Don’t you know there’s a war on? It’s being fought right now, all around us, between the baby boomers and the millennials.

Opinions differ as to the exact parameters that define each group of combatants, but the boomers are generally thought to have been born between 1946 (the results of the post-war baby boom, when people were so happy to be alive after six years of conflict that they jumped, en masse, into the sack) and the early 1960s. The millennials, on the other hand, take their name from the fact they came of age at the turn of the new century, so are usually defined as being born in 1982 or later.
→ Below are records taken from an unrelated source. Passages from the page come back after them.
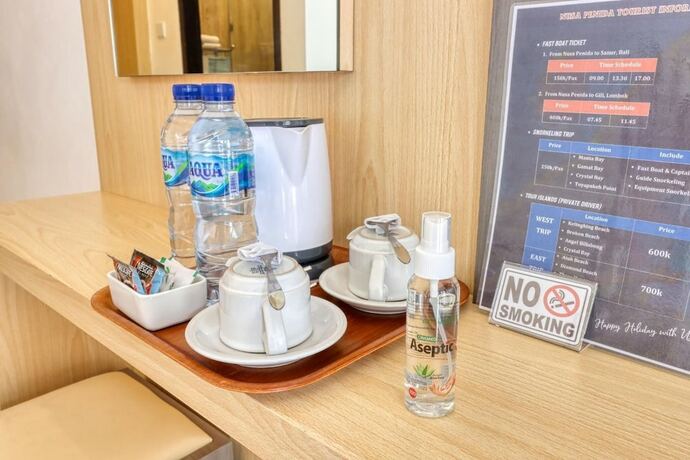 Imagen general del Hotel Jnj Guest House. Foto 7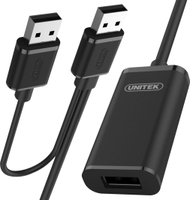 Kabllo Unitek (Y-278), USB 2.0, 10m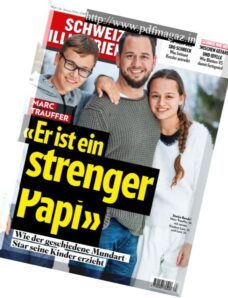 Schweizer Illustrierte – 26 Januar 2018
The boomers don’t like the millennials because they think the younger generation are feckless, whiny snowflakes who are scared of hard graft and obsessed by status, more interested in posting a selfie to social media than doing anything useful.

The millennials, on the other hand, see the boomers as a rapacious generation that’s pretty much ruined everything for them. They’re living too long, taxpayers’ money is gushing into looking after them. They’ve kept house prices high, meaning young people can’t afford to buy. Workplace pensions are rapidly becoming a thing of the past. 

Boomers are, by and large, Brexiteers and Trumpers. They remember when Britain was great, and think coming out of Europe will be a doddle. They want to make America great all over again.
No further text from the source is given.